- **WORK REQUIRED**
Begin your copy at the line with "1BR,1BA-674SF - Oakwood Apartments" in the records below and end it at the line with "Used 1998 Lincoln Mark VIII RWD image 37", restating each line word for word; omit the pictures.

- **DATA SHOWN**
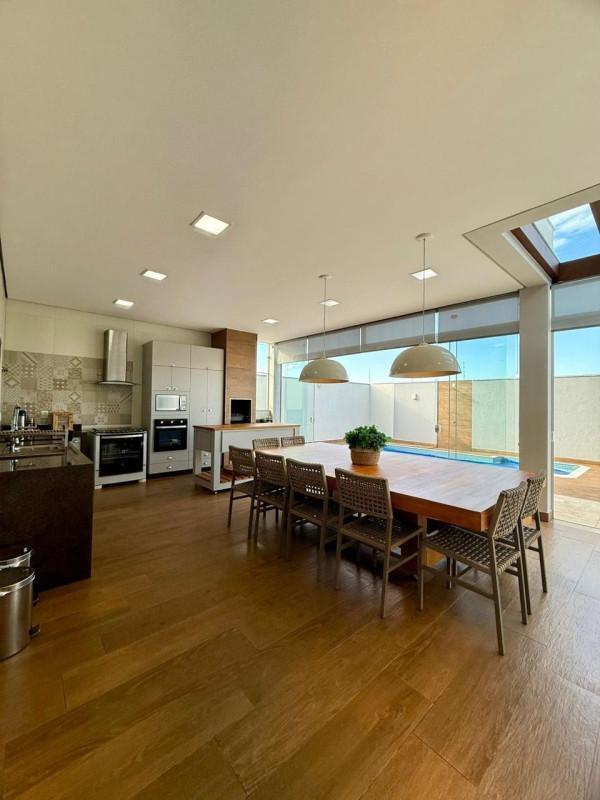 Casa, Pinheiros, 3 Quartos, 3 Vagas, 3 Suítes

==

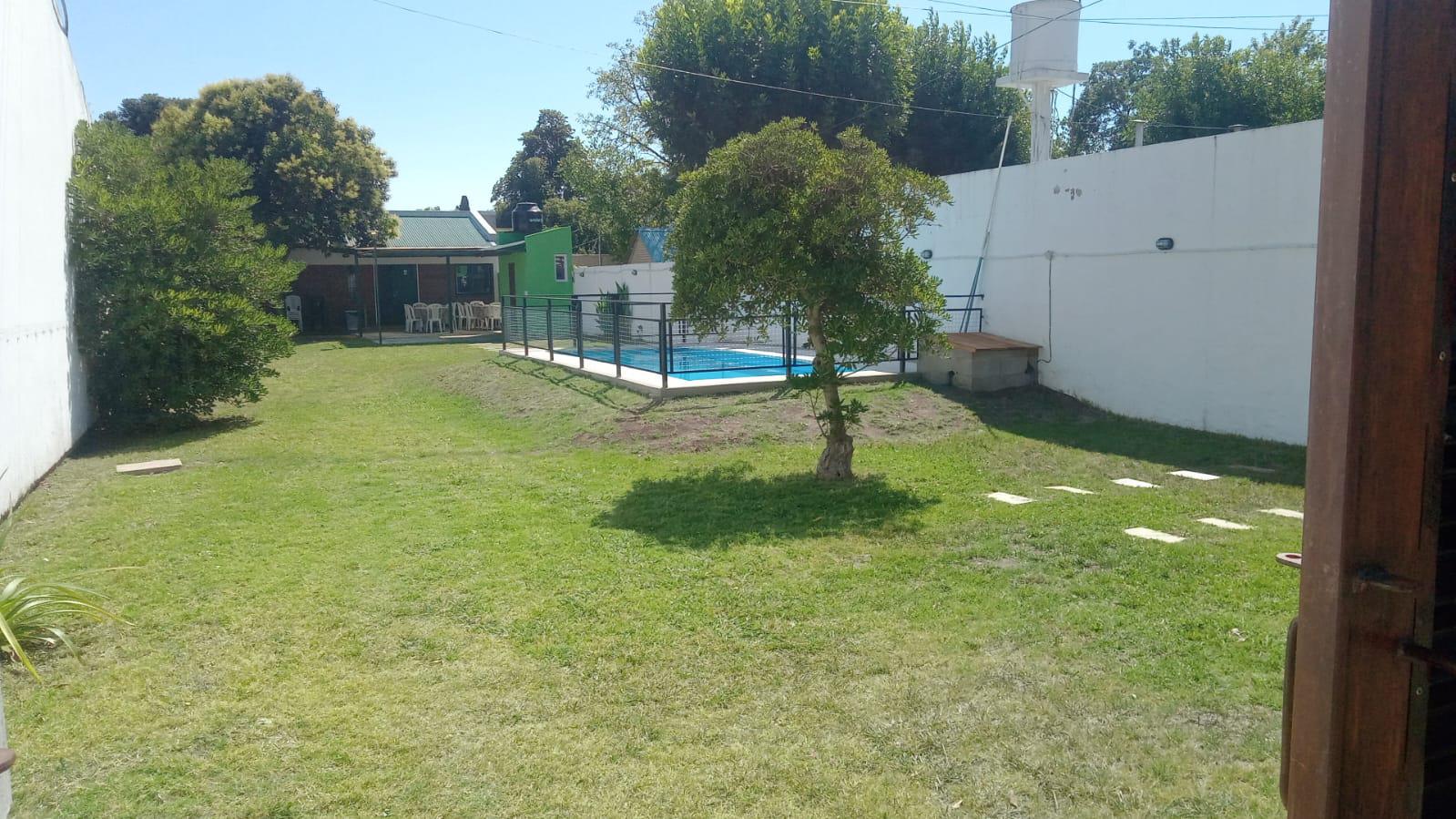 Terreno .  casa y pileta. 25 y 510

* * *

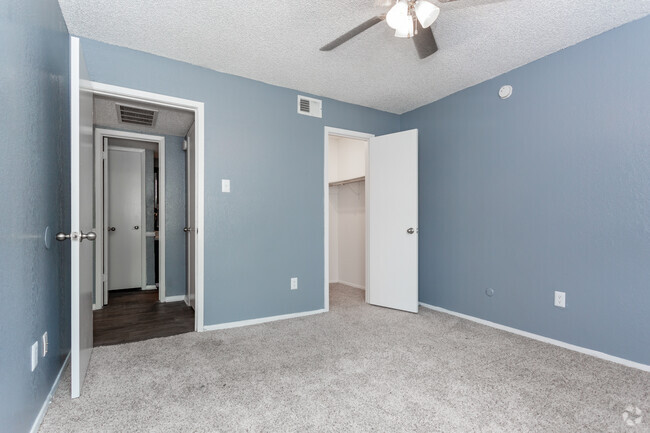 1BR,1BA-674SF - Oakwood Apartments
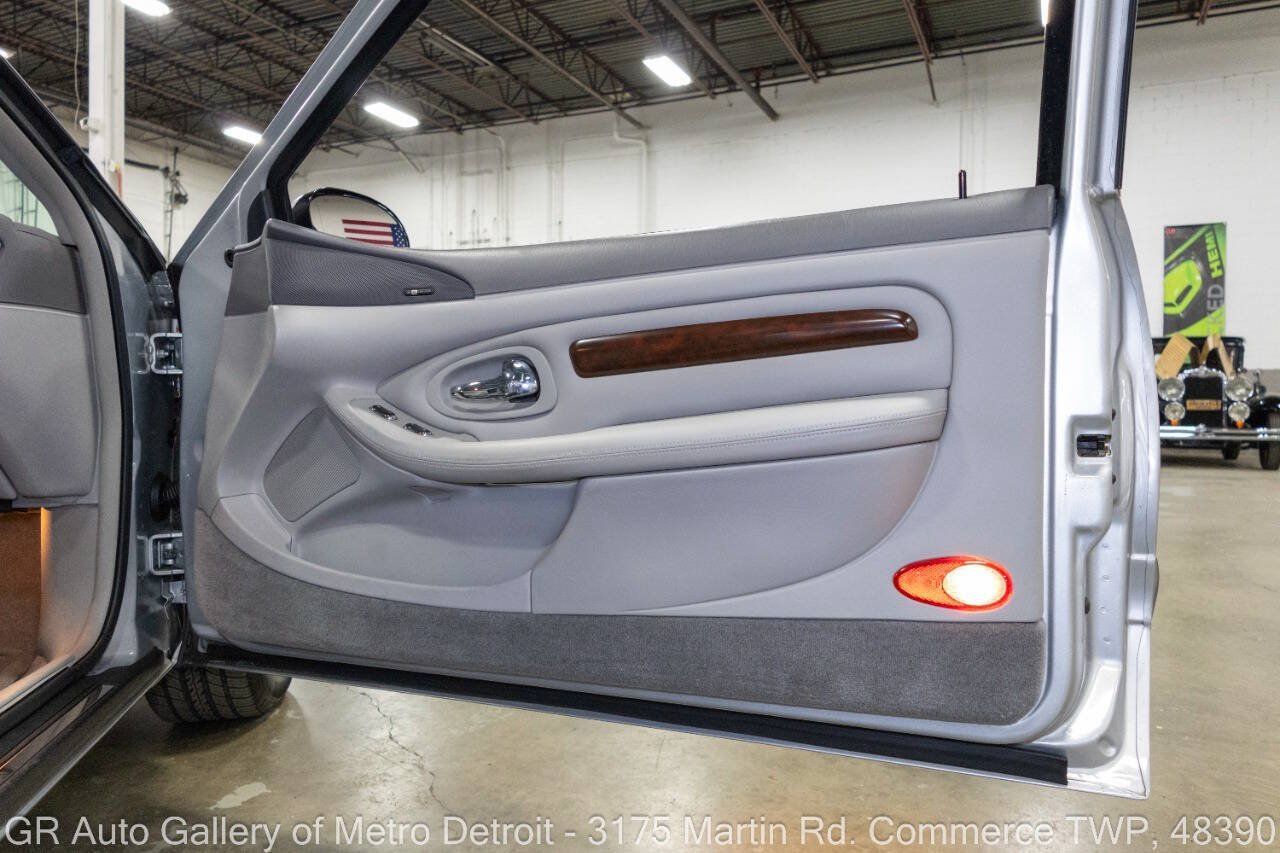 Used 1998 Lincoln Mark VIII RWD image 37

- **ANSWER FOR THE TASK**
 1BR,1BA-674SF - Oakwood Apartments
 Used 1998 Lincoln Mark VIII RWD image 37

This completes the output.